Hence, for Lacan the Subject ('self') is always split by that which is Other, which the Subject experiences as something lacking/missing, which in turn creates desire (compare this to the Derridean move to supplement lack on the part of the signifier/signifying). Desire is not primarily literal or only sexual: it describes a struggle for wholeness, a pursuit of fullness of meaning and being. The Subject projects desire onto an(Other), who also tends to see him/herself in the Subject. The unconscious is that which the Subject does not recognize to be himself and which he experiences as other from himself. Thus the way that the Subject (reader/critic/writer/text?) projects upon and views an Other will yield clues concerning his or her relationship to unconscious wishes and desires (lack). The unconscious is thus often in the place of the Other, the place where the subject does not recognize herself. Unconsciousness emerges as otherness within consciousness. Instead of the rational, autonomous assertion of the unified Cartesian self--"I think, therefore I am"(cogito ergo sum) --Lacan announces that "I think where I am not, therefore I am where I do not think," or "I think where I cannot say I am."

Our largely unwitting dependence upon others (texts too) for self-recognition can become threatening, prompting aggressive self-assertion or a pursuit of Mastery over others even as we may also long poignantly for full intersubjectivity, for complete understanding and union with others (a wish-fulfillment that we could identify with Dr. Spock's Vulcan mind-meld).

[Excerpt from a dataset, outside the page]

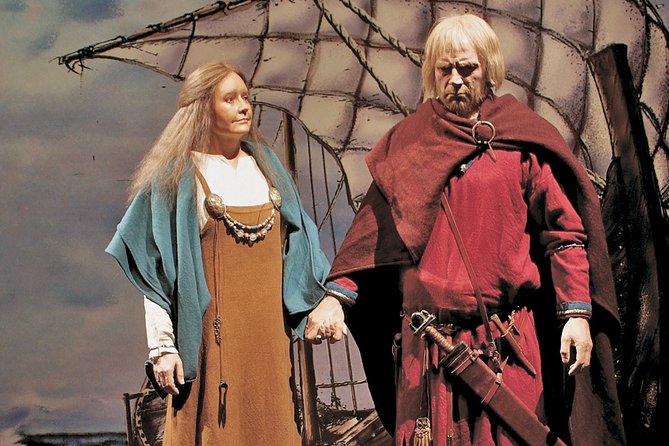 Saga Museum - Entrance ticket - What the exhibits actually feel like: dioramas, mannequins, and story scenes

As Hegel argued, desire is directed towards another's desire, another (desiring and desired) Subject. Desire reveals our desire to be desired, to be valued and recognized by another, perhaps by the way another's desire will be seen to confirm or to subtitute metaphorically for our own (for us). Desire proceeds from unconscious activity and the lack that it generates (or by which it is comprised and construed, its condition for being). We may demand recognition/love/meaning from others (texts), but we can never be certain that others recognize or speak to us in particular, though we try metaphorically and metonymically to compensate for such lack; desire is insatiable, and we may feel subordinated to the symbolic order and activity of language, as it produces desires for particular meanings that continue to elude us, alienating us from ourselves and others even as our relation to others informs and creates our desires.

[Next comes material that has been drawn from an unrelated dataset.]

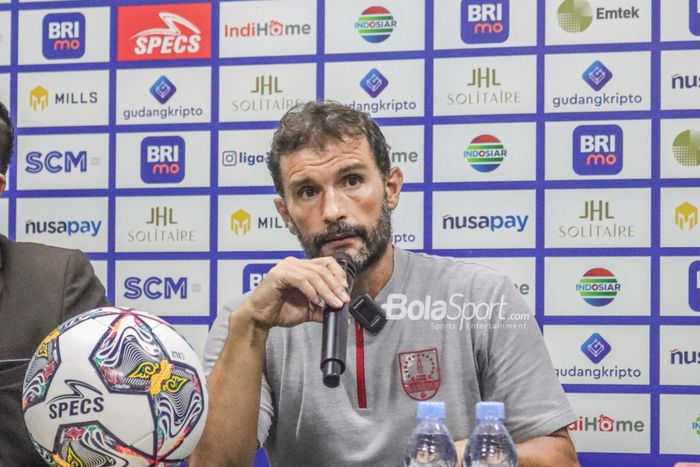 Pelatih Persis Solo, Leonardo Medina Arellano, saat memberikan keterangan kepada awak media dalam sesi jumpa pers di Stadion Indomilk Arena, Tangerang, Banten, 14 Januari 2023.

Finally, all of the arguments above suggest that as we read literature, we locate meaning in the text as Other, which we then hope to master through our interpretation. Interpretation supposes "if not a conception of the unconscious itself, then at least some mechanism of mystification or repression in terms of which it would make sense to seek a latent meaning behind a manifest one" (Jameson, The Political Unconscious 60). A conventional "Freudian" reader would then supply the answer to the text that has evidenced its "sexual frustration and repression." But a Lacanian reading recognizes that what one discovers within the discourse of the other--the unconscious--is a discovery of what is actively reading within oneself, just as, for example, Freud read his own unconscious reading him within the hysteric's discourse. In effect, the text reads the reader who unconsciously repeats its structure and thereby dismantles distinctions between subject/object, master/slave, reader and that which is read.

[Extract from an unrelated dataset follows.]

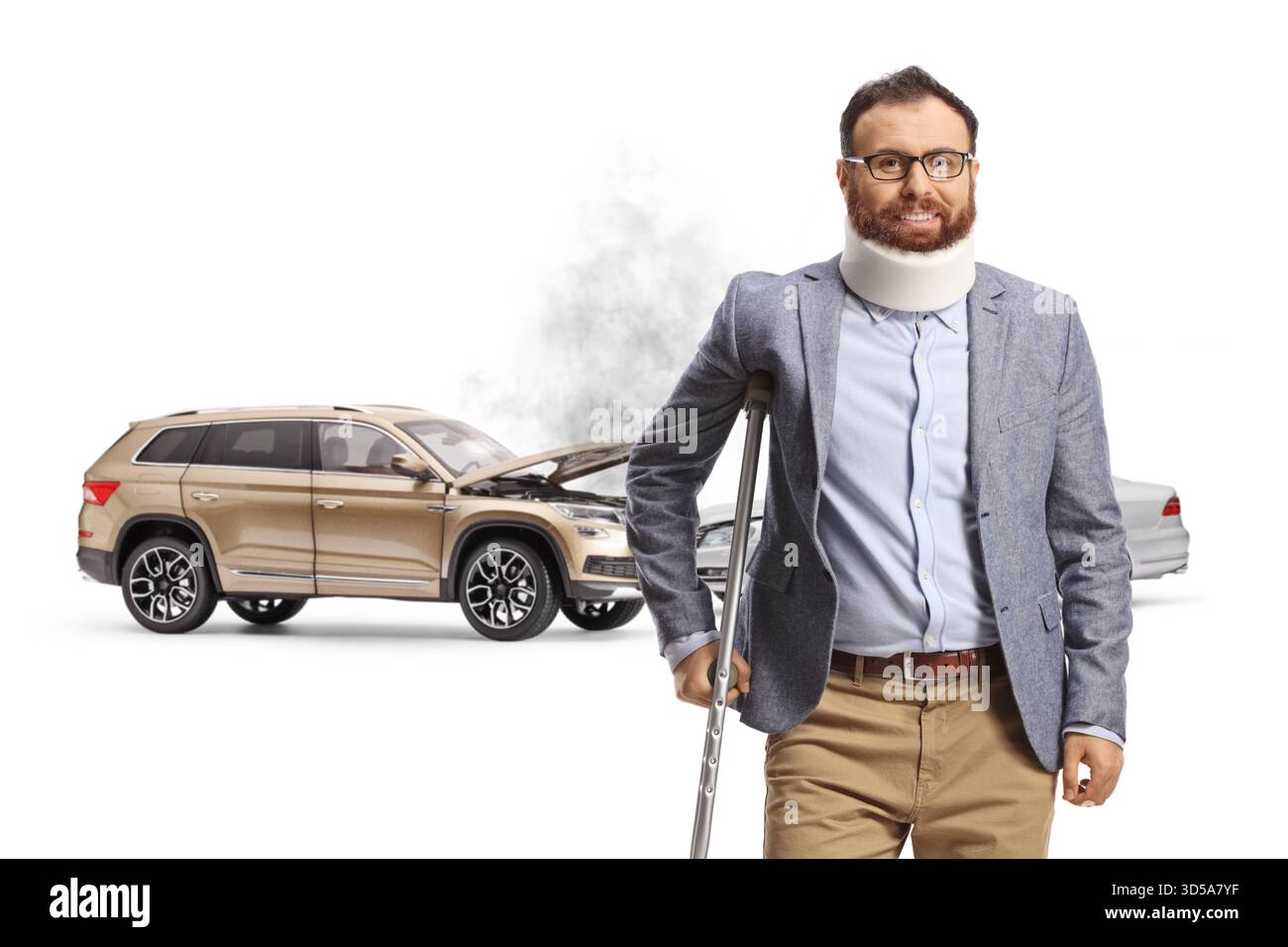 Mann nach einem Autounfall mit Halsverletzung isoliert auf weißem Hintergrund Stockfoto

The text's untranslatability, its silence, is what it won't tell and what the reader cannot tell himself. The structure of such narrative is transferential, with reading presented as the repetition of a love story "addressed to and directed toward the knowledge of the Other" (Felman, "Turning the Screw of Interpretation" 159). To attempt to master such knowledge is to blind oneself (like Oedipus?), to repress the divisions within meaning (self,unconscious), and to disguise the will to power as a will to knowledge.